# The Government vs. the First Time Buyer



## Brendan Burgess (16 May 2021)

This is a piece I adapted for an article in tomorrow's Examiner:









						Brendan Burgess: How the State takes on first-time buyers in Ireland's costly housing market
					

If the government really wants to help first-time buyers, it could start by incentivising builders to build starter homes instead of building very expensive homes




					www.irishexaminer.com
				





The Government vs. the First Time Buyer 

You are a 30 year old teacher and your girlfriend is a nurse. You would like to get married, buy a house and start a family. Buying the house is your first priority . But it’s proving impossible.

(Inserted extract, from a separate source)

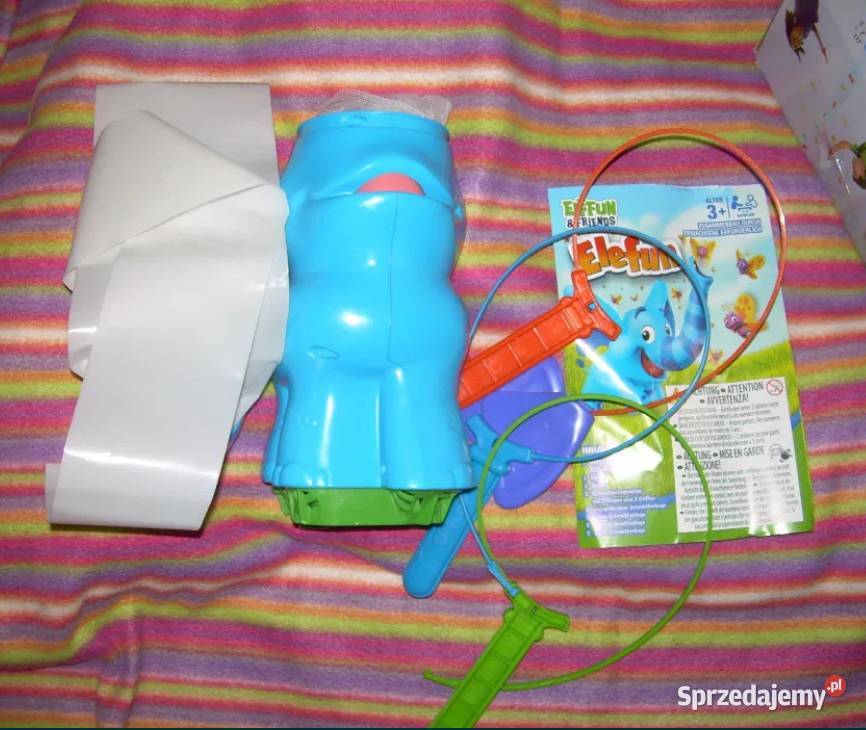 Slonik wydmuchujacy motylki Rumia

You both moved back in with your parents to save on rent and now you have a deposit of €50,000. The bank will lend you €300,000. You would like to buy within a bus journey of work. But you get frustrated at every turn. Newly built houses in your target area start at €600,000 and so first time buyers can’t afford them. You were bidding last year on a house and the auctioneer suddenly took it off the market with no explanation. You subsequently learned that the Council bought it for a social housing tenant. Earlier this year, you bid up to the very limit on a house but were outbid by a cash buyer who bought it as an investment. Cash buyers seem subject to no limits. Since then, the investor has let it to the local authority at a rent you could not afford.

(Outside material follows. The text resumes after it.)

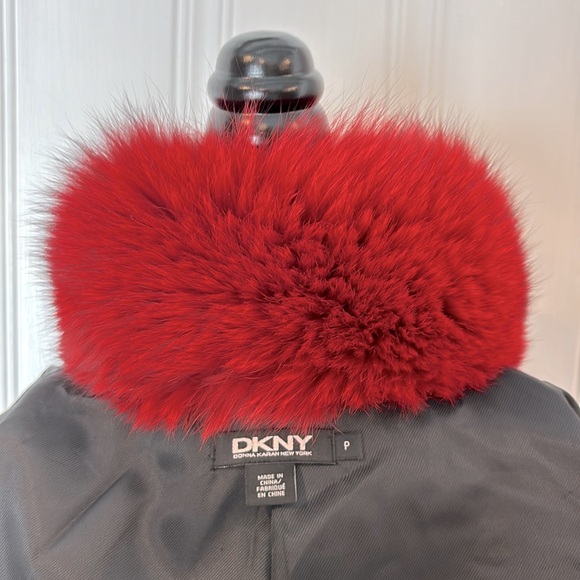 Stunning DKNY wool and fur coat - Picture 6 of 7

You are getting desperate, so you drive to see a newly built housing estate fifty miles from where you work and where you grew up. You hum and haw but the auctioneer tells you that you have to move quickly. While they built 100 houses, only three are still available. The developer had to keep 10% of the estate for social housing and investors have bought most of the others. You ask why they are so expensive in such a remote location. The auctioneer explains that the developer bought the land 10 years ago and it took him 8 years to rezone it and get planning permission. He had to fund it all that time while putting up with attacks from politicians calling him a land hoarder. He would have built the houses 10 years ago if he could have. He had to sell 10% of the houses to the local authority at cost. He had to pay a development levy of €30k per house to the county council. And, when they were all built and ready to go, he had to charge VAT of 13.5% on top of the selling price. He reckons that the government intervention has added about €70,000 to the sales price.

You ask the auctioneer why they are not building any starter homes in the high demand areas – all the new houses and apartments seem to be around €600,000, way outside your limit. He explains that with the price of land, the difficulty in getting planning permission and the development levies, it’s just not profitable to build starter homes as the selling price would not recover the fixed costs.

You have plenty of time on the hour-long drive home to discuss matters. You appreciate that you are fortunate to be both working and able to buy a house yourselves. You agree that there is a need for social housing, especially for people working in low paid jobs who can never buy their own home. But you can’t understand why you are expected to commute two hours a day while social housing tenants are not required to do so. Why is the local authority directly and indirectly outbidding you on all houses near where you work and grew up? Why doesn’t the council buy or rent houses where they are cheapest? Why are they buying new houses and apartments for €600,000 each when they could house two families for the same money further out?

But isn’t the government introducing a shared equity scheme to help couples like you to get on the housing ladder? Bad news! This is not shared equity. This is just another mortgage on top of your €300,000 mortgage. So, you will be borrowing more money to buy the same house which will result in your repayments being higher again.

If the government really wants to help first time buyers, they could start by incentivising builders to build starter homes instead of building very expensive homes and by reversing the advantage that investors have over first time buyers.


Remove the 13.5% VAT on starter homes bought by owner occupiers.
Abolish development levies on starter homes.
Replace the tax incentives for investors in residential property.
Impose a temporary 10% stamp duty on all investors to give first time buyers a break.
Stop the councils buying and renting privately built housing in high demand areas. Instead provide housing for two families for the same money in lower demand areas.


----------



## The Horseman (16 May 2021)

Extend the rent a room scheme to private rented property. Pitch the top fig at 12k tax free to landlord. Anything above landlord pays tax on all it.

Alternative give tenants a tax credit that they can draw down from Govt as deposit on property purchase in the future.

Both of above give people hope of purchasing property in near future. Developers will see future demand and finance available to purchase property so more likely to build and less risk to banks.

House those in locations where they need to be rather than were they want to be. If you want to be housed in a particular area you pay a premium to be housed there.


----------



## Purple (17 May 2021)

The Horseman said:


> Alternative give tenants a tax credit that they can draw down from Govt as deposit on property purchase in the future.


That ideas been around for a while. I think it should include a right to buy the property you are in after 3 years, along with a minimum tenancy of 5 years but strong rules allowing eviction for anti-social behaviour or not paying rent. That would make the bulk buying of developments less attractive.


----------



## The Horseman (17 May 2021)

Purple said:


> That ideas been around for a while. I think it should include a right to buy the property you are in after 3 years, along with a minimum tenancy of 5 years but strong rules allowing eviction for anti-social behaviour or not paying rent. That would make the bulk buying of developments less attractive.


I disagree with the right to buy if landlord is an individual. I do however agree with min tenancy with penalty clause on both sides if either terminate contract early. 

Fully agree with strong rules re eviction but that will never happen. Look at council estates that are well known for anti social issues.


----------



## Purple (18 May 2021)

@Brendan Burgess I'd add that the Government has created the conditions where there are such relatively attractive returns by putting a very high floor in the rental market in the form of HAPS. Dublin City council are paying up to €2800 a month to house families. That's nearly €70,000 in gross income for a family who are fending for themselves.


----------